Saturday, July 11, 2009

Photos from Hypertext 2009 are up on Flickr: http://ping.fm/UnLCT All photos from Hypertext are tagged with ht09 in Flickr: http://ping.fm/ChUGB All Twitter tweets from Hypertext 2009 can be found at http://ping.fm/GhJG1 If you haven't already, connect with your fellow Hypertexters on LinkedIn: http://ping.fm/3fz60 Browse Hypertext presentations from SlideShare: http://ping.fm/06rL9 Or use FriendFeed to see them all together http://ping.fm/TarnG

Wednesday, July 1, 2009

Keynote on Day 3: Relating Content through Web Usage by Ricardo Baeza-Yates

Ricardo is VP of Yahoo! Research in Barcelona, Santiago, and Haifa, Israel. He was a PhD student at the University of Waterloo. He also maintains ties with universities in Spain. His talk is on Web Content through Web Usage.
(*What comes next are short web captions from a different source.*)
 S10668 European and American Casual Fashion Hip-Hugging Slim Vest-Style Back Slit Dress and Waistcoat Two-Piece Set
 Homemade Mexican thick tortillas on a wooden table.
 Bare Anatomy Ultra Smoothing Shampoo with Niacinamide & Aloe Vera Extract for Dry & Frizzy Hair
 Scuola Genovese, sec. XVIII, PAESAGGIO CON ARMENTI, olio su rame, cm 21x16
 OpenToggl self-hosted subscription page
He has a book which is the standard in information retrieval. According to Ricardo, web search is no longer about document retrieval, there is now a new breed of search experiences which involve the Wisdom of Crowds behind Web 2.0. Search is evolving more than just documents towards identifying a user's task and task completion. However the challenges are on-line and scalability.

We now have more complete information available in one search such as shortcuts, deep links and enhanced results. But for search, it is content vs. intent, the premise for the user is that they don't want to search, they just want to get tasks done and straight to their answers. We do searching when we don't know what to ask or who to ask. We are now moving from a web of pages to a web of objects. Objects have attributes, they will be missing, noisy, incomplete, but that is ok. Attributes define faceted search. However, the question is how do we get structured objects/attributes? This will come from metadata/semantic web/ontologies, web usage, and building out an open ecosystem.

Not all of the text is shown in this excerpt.